> AIM OF THE TASK:
All lines from the line containing "8005 S Youngs" up to and including the last line of the entries must be written out exactly, with no others.

> TASK DATA:
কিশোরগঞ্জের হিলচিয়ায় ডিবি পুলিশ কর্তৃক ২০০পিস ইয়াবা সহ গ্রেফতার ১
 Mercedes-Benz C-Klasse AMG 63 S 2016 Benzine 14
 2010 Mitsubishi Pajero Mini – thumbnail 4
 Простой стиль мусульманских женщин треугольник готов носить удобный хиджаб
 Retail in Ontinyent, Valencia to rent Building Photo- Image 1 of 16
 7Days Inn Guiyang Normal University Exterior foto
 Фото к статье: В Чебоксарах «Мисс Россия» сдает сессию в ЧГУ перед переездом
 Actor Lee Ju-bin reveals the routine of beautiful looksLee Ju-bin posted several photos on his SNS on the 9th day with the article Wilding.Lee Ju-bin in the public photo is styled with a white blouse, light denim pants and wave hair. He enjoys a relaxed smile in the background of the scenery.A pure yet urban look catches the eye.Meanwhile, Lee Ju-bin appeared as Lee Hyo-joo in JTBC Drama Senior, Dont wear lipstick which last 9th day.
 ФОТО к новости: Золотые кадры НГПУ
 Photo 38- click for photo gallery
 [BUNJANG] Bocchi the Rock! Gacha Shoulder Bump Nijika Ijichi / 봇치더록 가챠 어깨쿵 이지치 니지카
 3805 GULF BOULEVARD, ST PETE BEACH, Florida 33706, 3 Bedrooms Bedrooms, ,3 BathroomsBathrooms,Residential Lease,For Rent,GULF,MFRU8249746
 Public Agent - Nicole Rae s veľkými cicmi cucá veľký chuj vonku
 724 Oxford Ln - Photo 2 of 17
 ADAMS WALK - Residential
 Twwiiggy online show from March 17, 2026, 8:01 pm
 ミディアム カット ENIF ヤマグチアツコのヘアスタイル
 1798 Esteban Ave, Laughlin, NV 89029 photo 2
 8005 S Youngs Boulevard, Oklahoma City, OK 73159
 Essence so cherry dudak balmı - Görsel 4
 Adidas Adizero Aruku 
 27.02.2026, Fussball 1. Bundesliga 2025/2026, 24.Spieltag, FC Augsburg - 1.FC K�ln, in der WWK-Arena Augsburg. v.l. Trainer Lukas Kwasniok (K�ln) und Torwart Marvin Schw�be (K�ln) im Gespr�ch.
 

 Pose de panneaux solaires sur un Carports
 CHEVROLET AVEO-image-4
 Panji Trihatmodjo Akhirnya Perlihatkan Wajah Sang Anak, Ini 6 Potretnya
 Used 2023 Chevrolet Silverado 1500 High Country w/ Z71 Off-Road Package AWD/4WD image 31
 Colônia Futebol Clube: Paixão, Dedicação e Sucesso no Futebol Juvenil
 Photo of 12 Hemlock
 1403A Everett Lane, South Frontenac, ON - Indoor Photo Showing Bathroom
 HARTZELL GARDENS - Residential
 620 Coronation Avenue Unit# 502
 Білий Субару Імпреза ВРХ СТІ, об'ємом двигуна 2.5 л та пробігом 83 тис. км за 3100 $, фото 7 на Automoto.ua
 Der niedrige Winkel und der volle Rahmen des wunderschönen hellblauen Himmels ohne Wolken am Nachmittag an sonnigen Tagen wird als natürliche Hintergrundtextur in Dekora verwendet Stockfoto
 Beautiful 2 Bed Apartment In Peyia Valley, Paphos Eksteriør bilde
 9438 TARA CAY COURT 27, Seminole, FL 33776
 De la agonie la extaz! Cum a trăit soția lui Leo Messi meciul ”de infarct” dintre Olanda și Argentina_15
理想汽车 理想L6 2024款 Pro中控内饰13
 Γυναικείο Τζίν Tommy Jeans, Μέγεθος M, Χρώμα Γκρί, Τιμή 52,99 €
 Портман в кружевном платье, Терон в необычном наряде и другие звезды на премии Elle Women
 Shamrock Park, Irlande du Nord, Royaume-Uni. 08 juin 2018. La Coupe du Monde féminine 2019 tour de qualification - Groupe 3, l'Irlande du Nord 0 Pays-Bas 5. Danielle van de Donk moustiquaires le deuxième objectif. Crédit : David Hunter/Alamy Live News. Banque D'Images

> RESPONSE TO THE EXERCISE:
 8005 S Youngs Boulevard, Oklahoma City, OK 73159
 Essence so cherry dudak balmı - Görsel 4
 Adidas Adizero Aruku 
 27.02.2026, Fussball 1. Bundesliga 2025/2026, 24.Spieltag, FC Augsburg - 1.FC K�ln, in der WWK-Arena Augsburg. v.l. Trainer Lukas Kwasniok (K�ln) und Torwart Marvin Schw�be (K�ln) im Gespr�ch.
 

 Pose de panneaux solaires sur un Carports
 CHEVROLET AVEO-image-4
 Panji Trihatmodjo Akhirnya Perlihatkan Wajah Sang Anak, Ini 6 Potretnya
 Used 2023 Chevrolet Silverado 1500 High Country w/ Z71 Off-Road Package AWD/4WD image 31
 Colônia Futebol Clube: Paixão, Dedicação e Sucesso no Futebol Juvenil
 Photo of 12 Hemlock
 1403A Everett Lane, South Frontenac, ON - Indoor Photo Showing Bathroom
 HARTZELL GARDENS - Residential
 620 Coronation Avenue Unit# 502
 Білий Субару Імпреза ВРХ СТІ, об'ємом двигуна 2.5 л та пробігом 83 тис. км за 3100 $, фото 7 на Automoto.ua
 Der niedrige Winkel und der volle Rahmen des wunderschönen hellblauen Himmels ohne Wolken am Nachmittag an sonnigen Tagen wird als natürliche Hintergrundtextur in Dekora verwendet Stockfoto
 Beautiful 2 Bed Apartment In Peyia Valley, Paphos Eksteriør bilde
 9438 TARA CAY COURT 27, Seminole, FL 33776
 De la agonie la extaz! Cum a trăit soția lui Leo Messi meciul ”de infarct” dintre Olanda și Argentina_15
理想汽车 理想L6 2024款 Pro中控内饰13
 Γυναικείο Τζίν Tommy Jeans, Μέγεθος M, Χρώμα Γκρί, Τιμή 52,99 €
 Портман в кружевном платье, Терон в необычном наряде и другие звезды на премии Elle Women
 Shamrock Park, Irlande du Nord, Royaume-Uni. 08 juin 2018. La Coupe du Monde féminine 2019 tour de qualification - Groupe 3, l'Irlande du Nord 0 Pays-Bas 5. Danielle van de Donk moustiquaires le deuxième objectif. Crédit : David Hunter/Alamy Live News. Banque D'Images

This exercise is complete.